Page:Beauvoir - Les mystères de l’île Saint-Louis, tome2.djvu/241

La bibliothèque libre.
Le texte de cette page a été corrigé et est conforme au fac-similé.
234
LES MYSTÈRES DE L’ILE SAINT-LOUIS

Il distinguait déjà de plus près la couleur de la voiture…

Il pensait à l’admirable jeune fille qu’elle contenait, à Brancas le rêveur, à madame de Pontchartrain…
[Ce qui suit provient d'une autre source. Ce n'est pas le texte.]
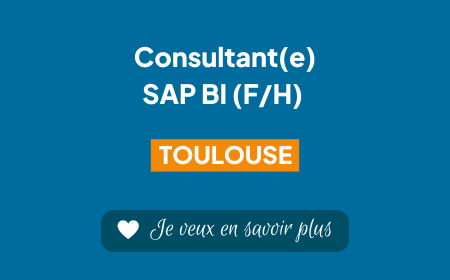 Image pour l'offre de recrutement Consultant SAP BI à Toulouse chez RapidViews.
Il allait enfin reconquérir sa souveraineté sur l’opinion, sur la mode, tout cela par une audace calculée, mathématique.

— Riom ! s’écria-t-il ivre de joie, voici l’heure de l’assaut !

— Ah çà, mon oncle, disposons nos batteries. Je ne suis point jaloux de jouer ici le rôle de Bussy près madame de Miramon ; à vous l’honneur de l’attaque.

— Poltron !

— Écoutez donc, mademoiselle de Retz est aussi belle, pour le moins, que le fut mademoiselle du Lude. Son enlèvement fera à Paris un bruit d’enfer.

— Et c’est ce que je veux. Sans cela, je pars, je m’exile dès demain, je vais à l’armée.

— Mais s’il y a mort d’homme ?

— Je sais viser juste, je ne tuerai qu’un cheval.

— Pour un cheval, passe. Mais si, à son tour, M. de Brancas, dans sa distraction, nous prenait aussi pour des chevaux !… Enfin, je me risque.

— C’est heureux !

Le postillon du comte courait à bride abattue ; son pourboire était triplé. À quelques pas de la voiture bleue, il ralentit ses chevaux ; Lauzun distingua les armoiries du carrosse, c’était bien celui de mademoiselle… de Retz. Les mantelets de cette voiture étaient tous baissés. Le comte prit ses pistolets.

— Pas de résistance, cria Lauzun, rendez-vous de bonne grâce !

Pour toute réponse, le postillon du carrosse bleu lança ses chevaux à triple train.

Celui du comte ne se laissa pas gagner de vitesse, il fit si bien que les deux voitures se touchèrent.

— Si vous n’arrêtez, je fais feu ! cria le comte.